Problem to work on: The required output is the exact run of lines below that opens at the line with "Man met bruine" and closes at the line with "view of shed featuring fence".
--- START ---
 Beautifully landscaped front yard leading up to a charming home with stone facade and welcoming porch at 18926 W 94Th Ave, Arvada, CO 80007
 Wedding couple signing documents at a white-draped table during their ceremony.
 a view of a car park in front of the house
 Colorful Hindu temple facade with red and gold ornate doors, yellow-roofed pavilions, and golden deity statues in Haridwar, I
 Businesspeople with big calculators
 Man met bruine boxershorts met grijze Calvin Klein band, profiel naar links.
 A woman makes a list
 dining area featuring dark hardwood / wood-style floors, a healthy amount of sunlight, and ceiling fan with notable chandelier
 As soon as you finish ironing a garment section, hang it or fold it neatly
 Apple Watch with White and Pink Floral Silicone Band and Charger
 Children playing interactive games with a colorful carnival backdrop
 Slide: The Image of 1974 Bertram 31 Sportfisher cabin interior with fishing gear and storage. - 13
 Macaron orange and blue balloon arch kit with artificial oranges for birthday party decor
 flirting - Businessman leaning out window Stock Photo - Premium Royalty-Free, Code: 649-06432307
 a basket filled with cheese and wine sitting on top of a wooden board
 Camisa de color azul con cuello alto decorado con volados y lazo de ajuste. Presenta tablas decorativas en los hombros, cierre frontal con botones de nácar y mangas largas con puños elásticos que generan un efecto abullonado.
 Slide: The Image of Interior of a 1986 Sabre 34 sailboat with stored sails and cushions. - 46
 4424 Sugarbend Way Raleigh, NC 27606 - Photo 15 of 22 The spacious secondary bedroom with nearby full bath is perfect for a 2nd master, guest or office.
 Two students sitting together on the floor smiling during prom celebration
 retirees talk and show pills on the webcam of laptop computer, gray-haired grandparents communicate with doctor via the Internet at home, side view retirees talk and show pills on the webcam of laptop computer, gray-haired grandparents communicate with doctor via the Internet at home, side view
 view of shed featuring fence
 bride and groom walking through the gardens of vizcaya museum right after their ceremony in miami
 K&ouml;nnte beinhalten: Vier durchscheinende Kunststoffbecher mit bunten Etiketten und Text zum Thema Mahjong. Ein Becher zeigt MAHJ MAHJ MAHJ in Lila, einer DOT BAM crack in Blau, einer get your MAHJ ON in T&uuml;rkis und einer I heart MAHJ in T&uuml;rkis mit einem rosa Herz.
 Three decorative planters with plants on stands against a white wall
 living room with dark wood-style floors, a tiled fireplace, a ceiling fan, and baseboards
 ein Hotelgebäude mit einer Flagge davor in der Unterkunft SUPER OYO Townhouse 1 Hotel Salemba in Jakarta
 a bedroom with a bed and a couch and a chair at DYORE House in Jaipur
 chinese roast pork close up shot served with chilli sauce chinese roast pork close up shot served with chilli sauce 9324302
--- END ---
Response below:
 Man met bruine boxershorts met grijze Calvin Klein band, profiel naar links.
 A woman makes a list
 dining area featuring dark hardwood / wood-style floors, a healthy amount of sunlight, and ceiling fan with notable chandelier
 As soon as you finish ironing a garment section, hang it or fold it neatly
 Apple Watch with White and Pink Floral Silicone Band and Charger
 Children playing interactive games with a colorful carnival backdrop
 Slide: The Image of 1974 Bertram 31 Sportfisher cabin interior with fishing gear and storage. - 13
 Macaron orange and blue balloon arch kit with artificial oranges for birthday party decor
 flirting - Businessman leaning out window Stock Photo - Premium Royalty-Free, Code: 649-06432307
 a basket filled with cheese and wine sitting on top of a wooden board
 Camisa de color azul con cuello alto decorado con volados y lazo de ajuste. Presenta tablas decorativas en los hombros, cierre frontal con botones de nácar y mangas largas con puños elásticos que generan un efecto abullonado.
 Slide: The Image of Interior of a 1986 Sabre 34 sailboat with stored sails and cushions. - 46
 4424 Sugarbend Way Raleigh, NC 27606 - Photo 15 of 22 The spacious secondary bedroom with nearby full bath is perfect for a 2nd master, guest or office.
 Two students sitting together on the floor smiling during prom celebration
 retirees talk and show pills on the webcam of laptop computer, gray-haired grandparents communicate with doctor via the Internet at home, side view retirees talk and show pills on the webcam of laptop computer, gray-haired grandparents communicate with doctor via the Internet at home, side view
 view of shed featuring fence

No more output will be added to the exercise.